Pictures in the listing below are skipped, while the lines from the "REGALWOVEN Solid Stripe" line through the "Printed porcelain snack platter" line are returned word for word.

═══ Source information ═══

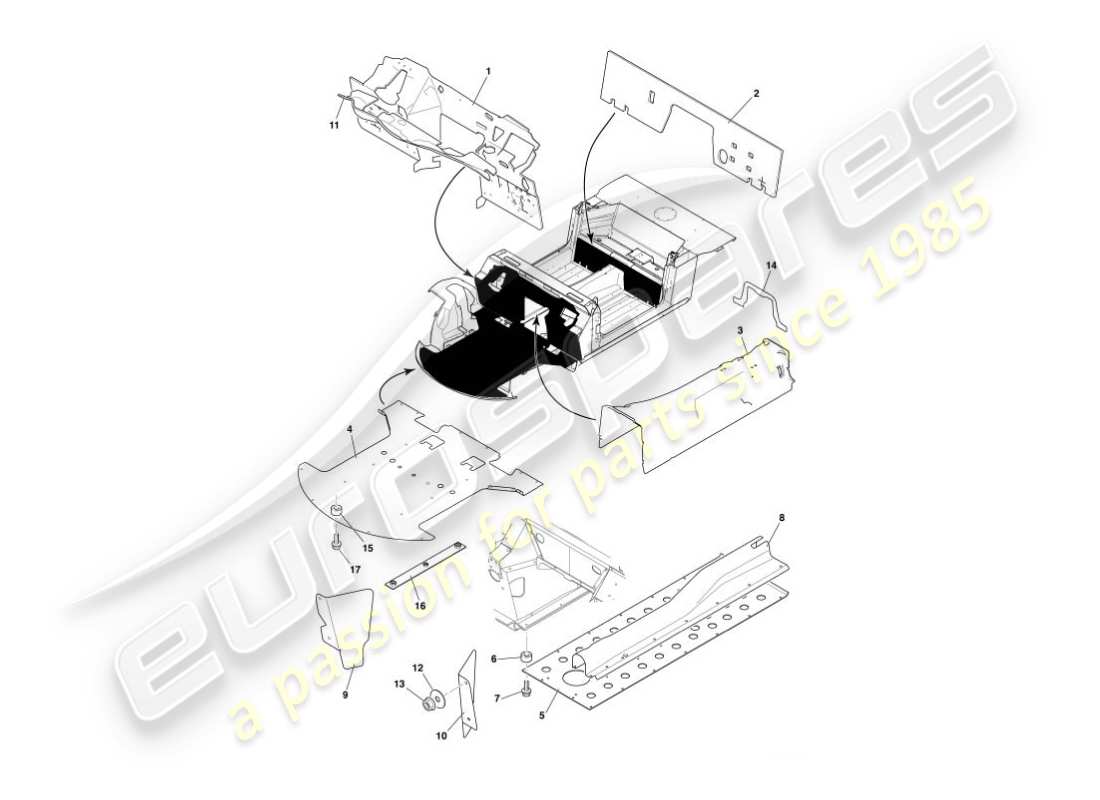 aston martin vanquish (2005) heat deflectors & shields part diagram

═══
═══ Source information ═══

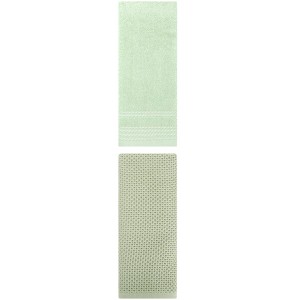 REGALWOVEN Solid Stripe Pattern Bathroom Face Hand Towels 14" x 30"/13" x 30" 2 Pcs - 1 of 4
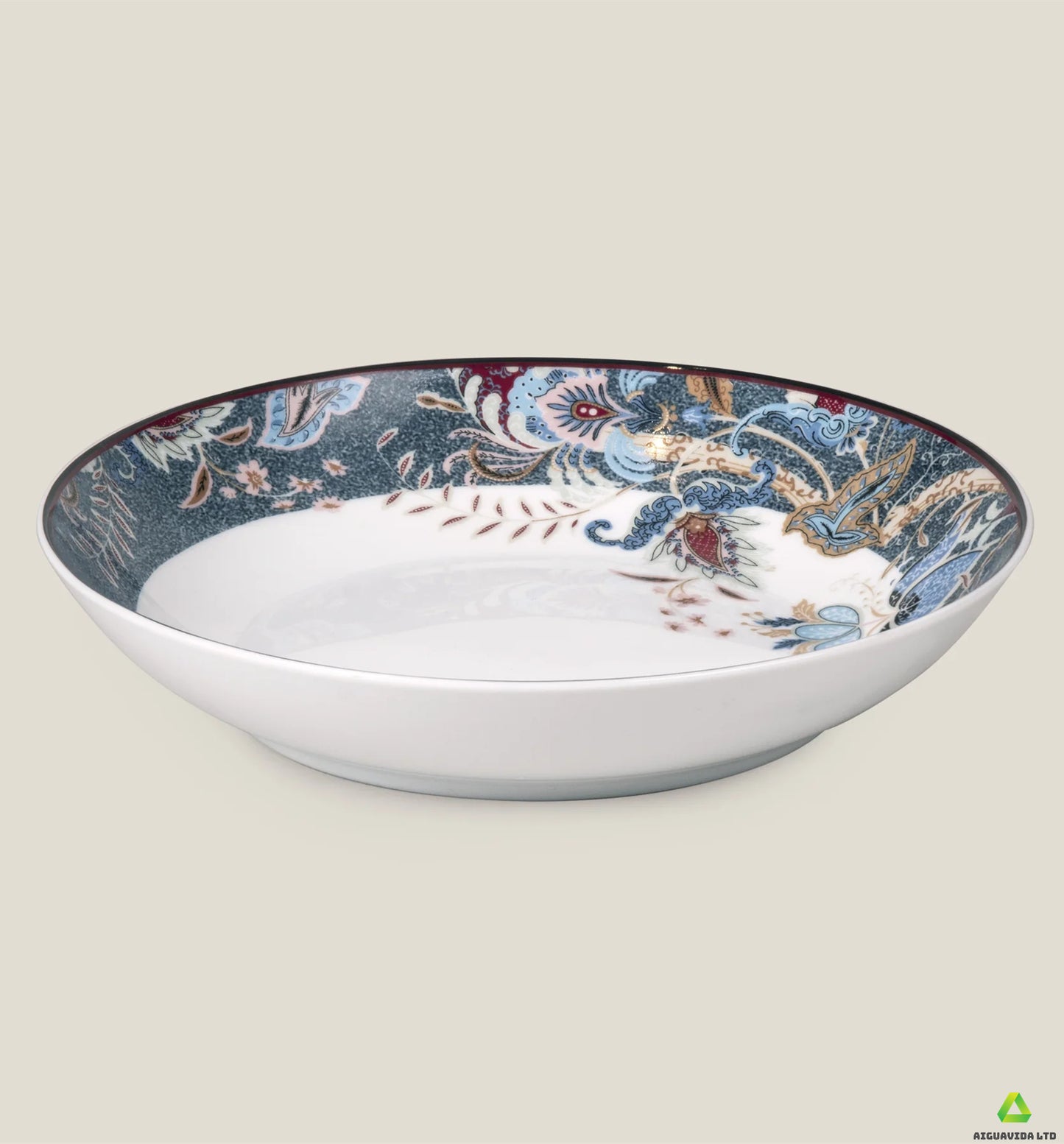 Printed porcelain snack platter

═══

§ **The completed task**:
 REGALWOVEN Solid Stripe Pattern Bathroom Face Hand Towels 14" x 30"/13" x 30" 2 Pcs - 1 of 4
 Printed porcelain snack platter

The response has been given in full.